The problem with rent control is that landlords are put off entering or staying in the market. It’s a simple equation: fewer landlords mean fewer homes to rent. This in turn is likely to push up prices even further. And as Paul rightly points out – this is the very thing the controls are brought in to avoid. The RLA gives the example of Berlin, where rent control actually made rents rise by about ten% over two years. Before they were introduced they rose by about 1-2% per year.

The other key point is that capping rents may also make landlords more inclined to cut corners and less inclined to maintain their properties to a high standard. This means, over time, the quality of rental housing could start to fall and tenants could find repairs and redecoration being ignored or carried out less frequently.  We say the key to a properly functioning market is supply. The Government must focus on height, density, planning delays, clear guidance and other supply accelerators such as getting land banks developed and encouraging partnerships to release land. The key objective must be to better serve residents by giving them more homes to rent and more choice. Ultimately this will address affordability

Why we need Section 21: rogue tenants do exist

One landlord is facing £29K of rent arrears

Here’s a shocking story we’ve just spotted in Letting Agent Today. It illustrates exactly why at Ringley, we have been campaigning in favour of keeping the so-called no-fault eviction process known as Section 21. There are rogue tenants out there and there must be an efficient process in place for landlords to evict them when necessary.

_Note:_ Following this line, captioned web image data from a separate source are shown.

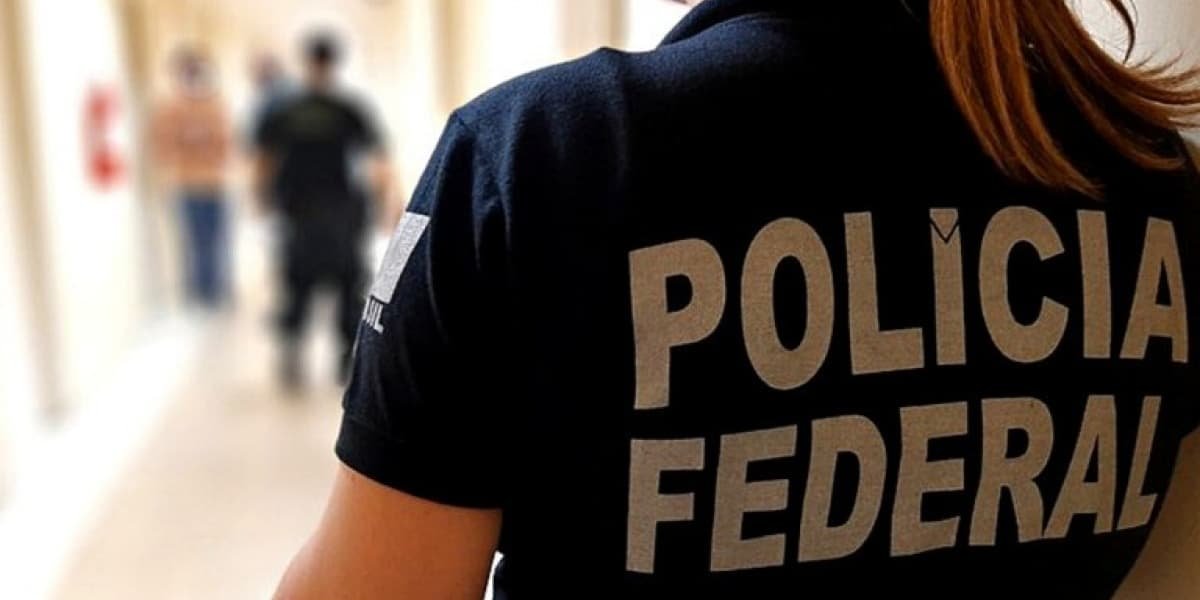 Imagem ilustrativa da Polícia Federal
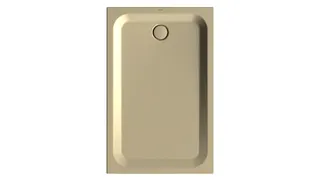 Bette Duschwannen Rechteck Ultra 1050-1500 mm Pergamon PLUS 1400x900x35/30mm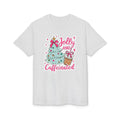 Jolly and Caffeinated Gildan unisex T-Shirt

Landlord David Wright, who owns a property in Warrington, was recently left with rent arrears of around £29,000 by one of his tenants. When he finally regained possession of his rental home, he had to spend £2,000 on clearing the property of rubbish and waste. He faces a further bill of thousands of pounds to repair the damage that the tenant caused to the property.

According to the press report, the house was coated in grime and mould and littered with half-eaten food containers, pet food and medication. Many of the fixtures and fittings, including the carpets, were damaged beyond repair. No one should have to put up with this when all they are doing is trying to make a living by providing a home for someone in good faith.

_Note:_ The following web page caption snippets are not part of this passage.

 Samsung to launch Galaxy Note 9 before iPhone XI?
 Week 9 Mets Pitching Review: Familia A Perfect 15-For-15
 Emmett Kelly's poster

Legal for Landlords, the law firm representing him in gaining possession of the property, does not think the landlord is likely to recoup the rent he is owed.  Sim Sekhon, managing director of the firm says “This case illustrates why plans to abolish Section 21 are so dangerous for landlords’ rights…. It’s vital to have a robust legal mechanism in place to reach a resolution in a timely manner.

In fact, a Section 8 notice was used in this case because of the amount of damage caused and the extent of the rent arrears. But, as Sim points out, there are plenty of cases where that wouldn’t be appropriate. “Section 8 alone doesn’t have enough teeth to protect the landlord and, for many, it’s frankly a terrifying thought that this outdated legislation is all they may have to protect their interests”.

We wholeheartedly agree.

Good news for broadband providers – and you!

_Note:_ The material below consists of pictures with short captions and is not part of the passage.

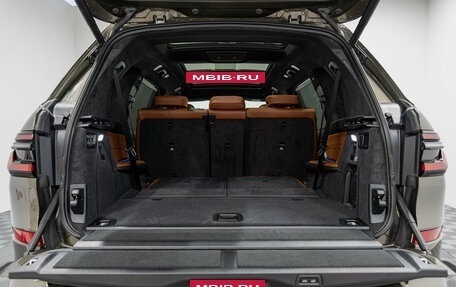 BMW X7, 2026 год, 17 990 000 рублей, 30 фотография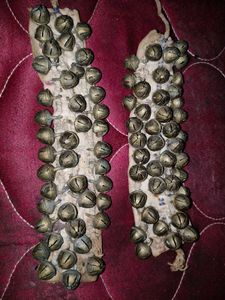 Indian Ghungroo Anklets with Bells
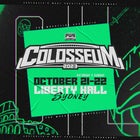 Pro Wrestling Australia Black Label presents Colosseum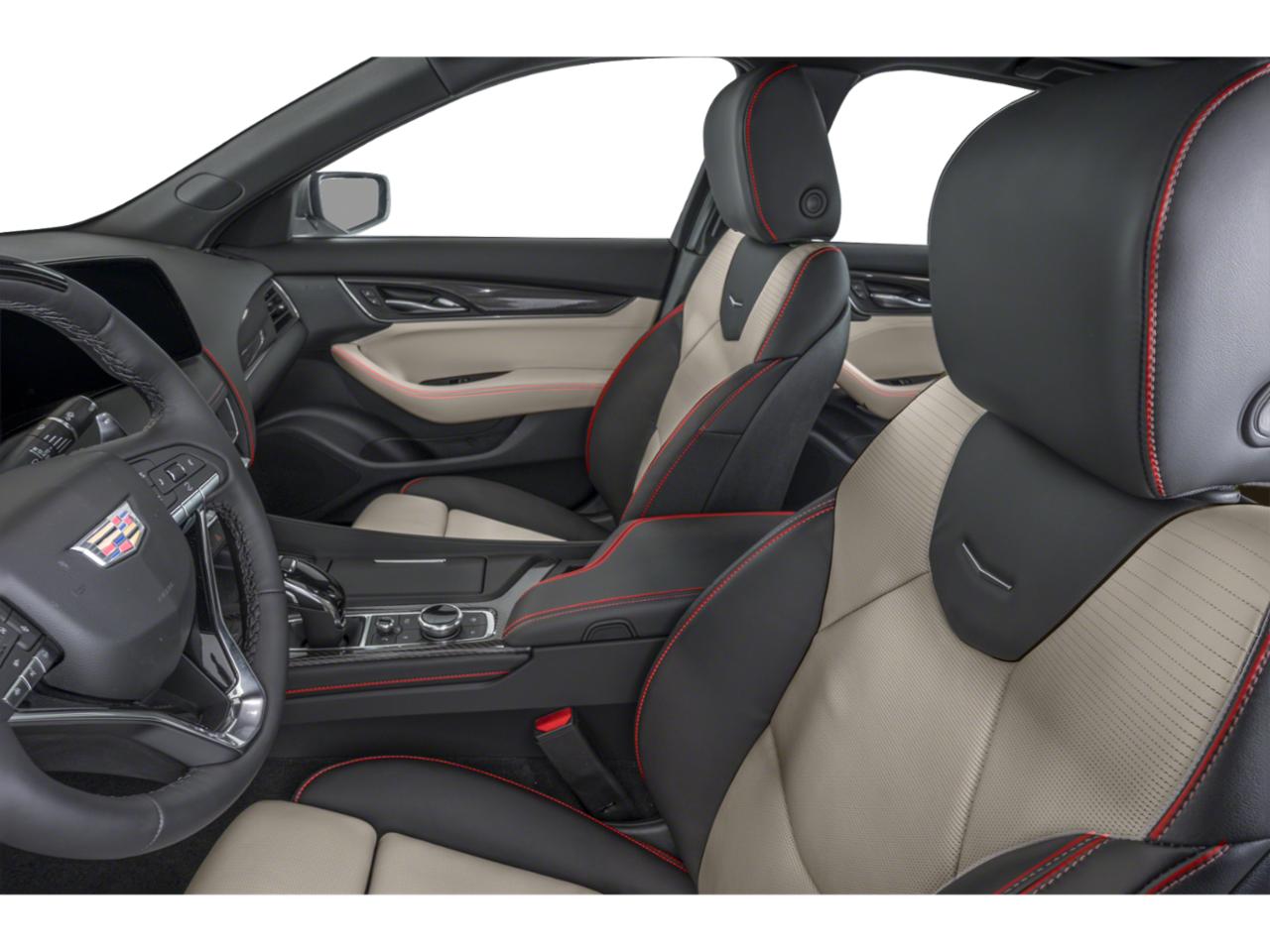 2025 Cadillac CT5 Vehicle Photo in Denton, TX 76205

Faster block broadband made easier

Would you like better broadband speeds in your block? If so, here’s something for you. The government has announced new measures to make it easier to install faster internet connections in blocks of flats where landlords repeatedly ignore requests for access from broadband firms. Digital Secretary Nicky Morgan estimates that an extra 3,000 residential buildings a year will be connected as a result.

Under the law as it stands, to install gigabit-capable broadband in the UK’s estimated 480,000 blocks of flats or apartments, broadband providers need permission from landlords to enter the property and undertake the necessary works. One of the biggest obstacles preventing operators from installing new networks in residential blocks is the building owner’s failure  – in as many as 40% of cases – to respond to requests for access. And while broadband providers can already push for access via the courts, this takes time – and money.

So to solve the problem, the Government is now promising a cheaper and faster process for telecoms companies to get access rights. This will apply when a landlord has repeatedly failed to respond to requests for access to install a connection that a tenant within the building has asked for. And it will give operators a cheaper and more streamlined route via the existing Upper Tribunal (Lands Chamber) to connect the property. The aim is to lower the timescale for entering a property from six months to a matter of weeks, and at a drastically reduced cost.

Good news all round we think.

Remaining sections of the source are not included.